Twilight Saga, series of vampire-themed novels for teenagers written by American author Stephenie Meyer. The Twilight Saga includes four titles: Twilight (2005; film 2008), New Moon (2006; film 2009), Eclipse (2007; film 2010), and Breaking Dawn (2008; film part 1, 2011, part 2, 2012). The series tells the story—fraught with danger, suspense, and searing passion—of teenager Bella Swan and her vampire boyfriend, Edward Cullen.

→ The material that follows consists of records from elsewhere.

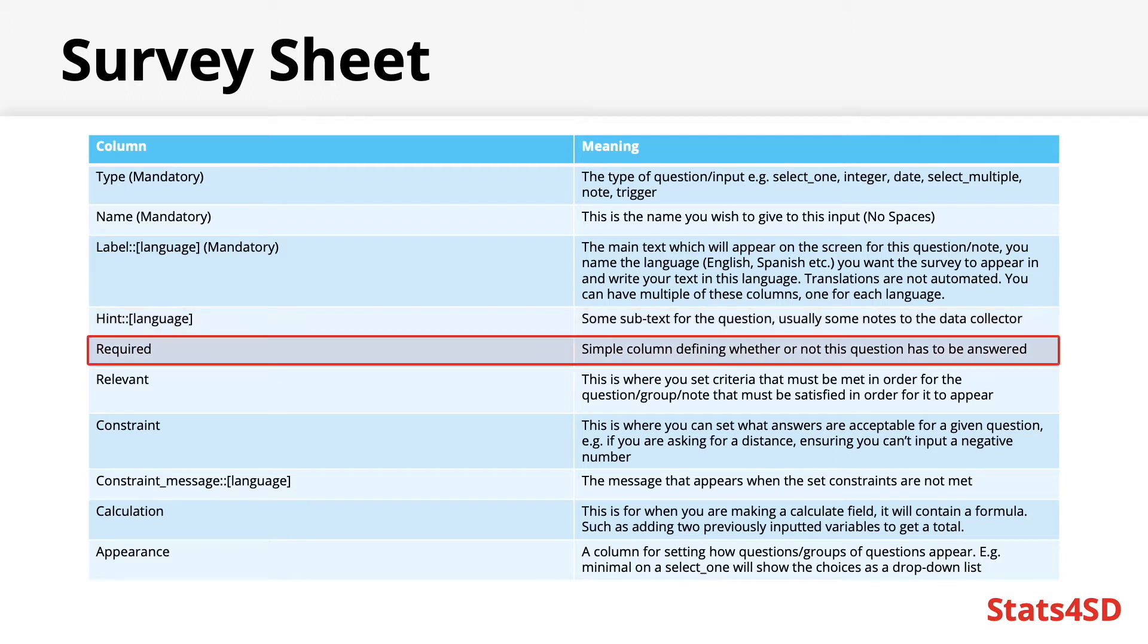Required. A simple column of yes or no, or true or false, telling the form whether or not this question must be answered. If the cell is left blank, it's assumed that it's a no.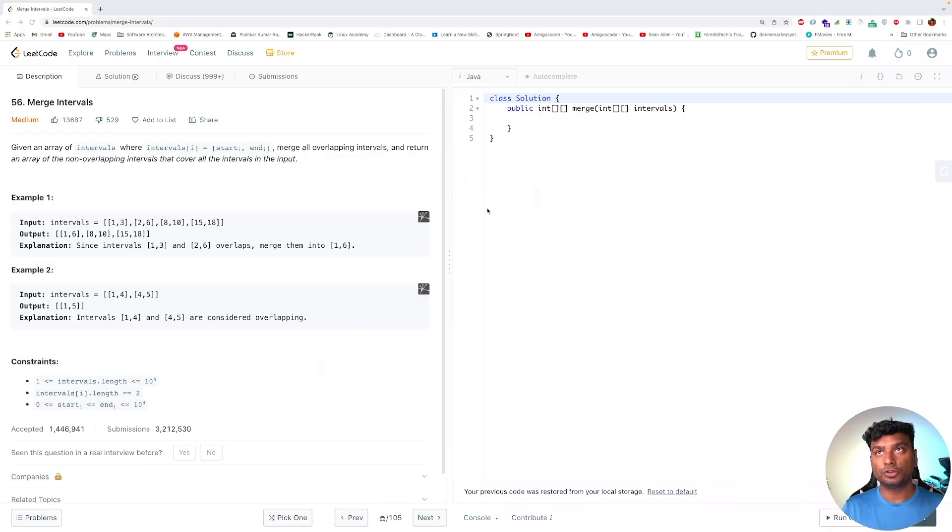Hello friends, Pushkar here, back again with another video. In this video, I will solve a LeetCode medium complexity problem. So without any further ado, let's get started.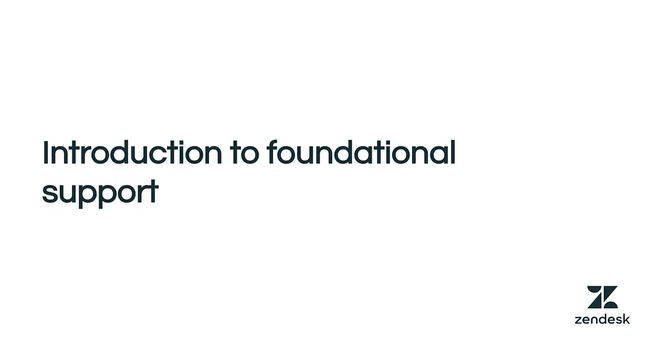Welcome. If you are new to Zendesk email support and want a quick overview, this introduction is for you.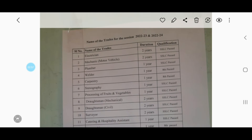You can also see the details online. You can see the names of the trades for the session 2022-2023 and 2022-2024 — one year course or two year course.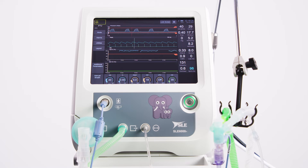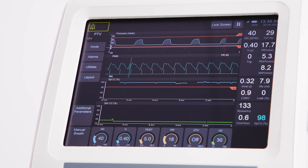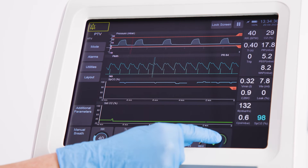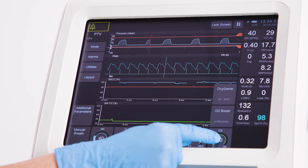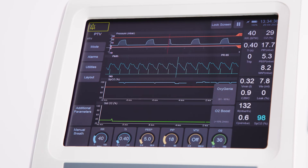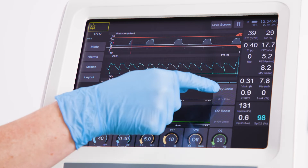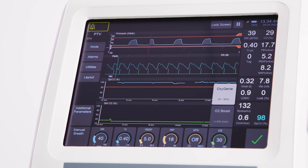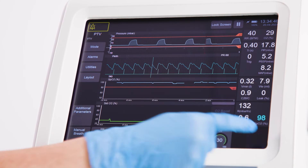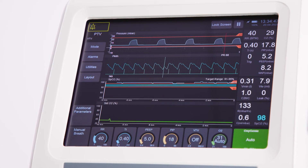Once a stable SpO2 reading is achieved, the user can then activate Oxygeni by pushing and holding the O2 control until an extra button appears above the O2 control. The user should then press this button to turn Oxygeni on and press Confirm to activate the mode.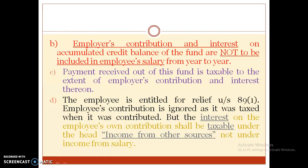The employee is entitled for relief under Section 89. The employee's own contribution is ignored as it was taxed when contributed. However, the interest on the employee's own contribution shall be taxable under the head income from other sources, not under income from salary.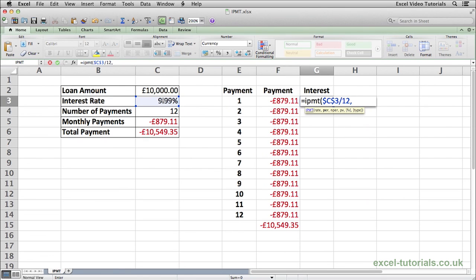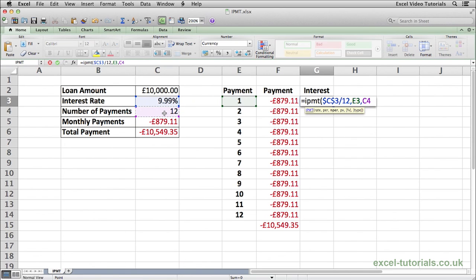Press comma and now it's asking for the period of payment. In this case it's the first period, so we're going to select E3, which is payment 1. We're not going to put an absolute reference there because as we scroll down we need it to change to payment 2, 3, 4, etc. So we'll just put E3. Press comma and now it's asking for the number of payments. It's a one-year loan so there are 12 payments. Again, because we're going to autofill and we need this to remain where it is, just change it to an absolute reference — CMD+T on the Mac or F4 on Windows.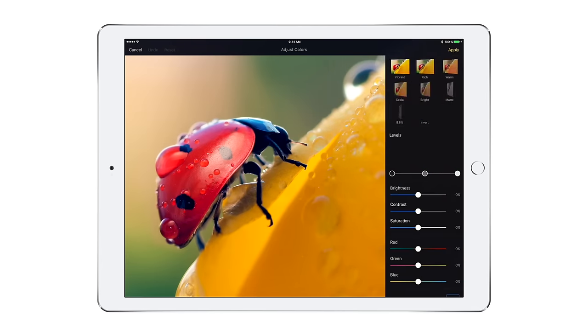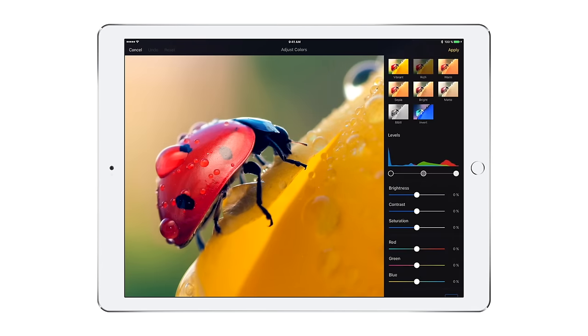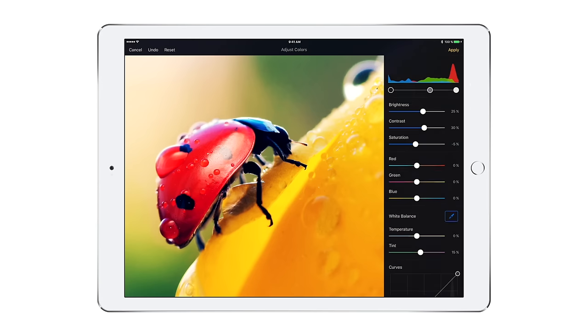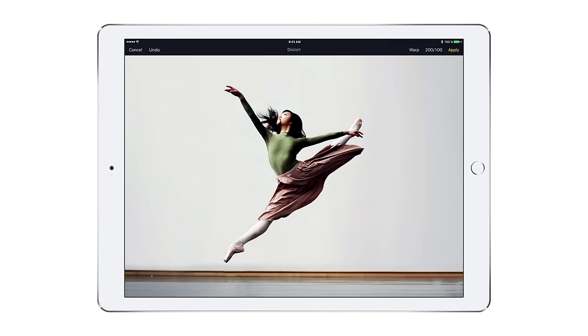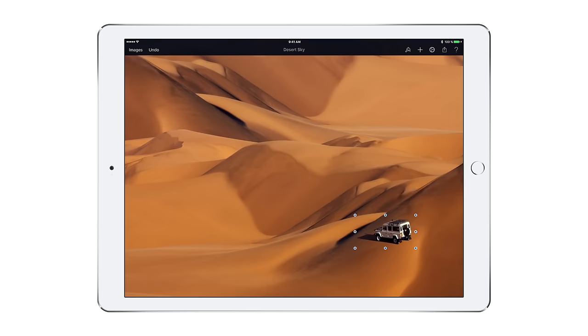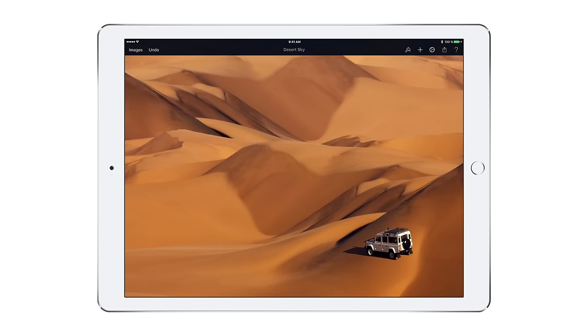Pixelmator for iOS is a full-featured, easy-to-use, beautifully designed image editor that has everything you need to edit your existing photos and create stunning new images.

Twilight introduces Bella as she moves to Washington state and meets Edward, who instantly falls for her even though he is a vampire. Meyer’s second novel, New Moon (2006), in which Bella befriends a young werewolf named Jacob Black, topped the list of best-selling children’s chapter books in The New York Times within a month of its publication. In the third book, Eclipse (2007), Bella must choose between Edward and Jacob, hoping all the while that she does not inflame an age-old conflict between vampires and werewolves. In 2007 the Twilight Saga finally edged J.K. Rowling’s Harry Potter from his perennial perch atop The New York Times best-seller list for series books. Breaking Dawn, the fourth and final novel in the series, was published in 2008 and sold some 1.3 million copies in its first day on sale.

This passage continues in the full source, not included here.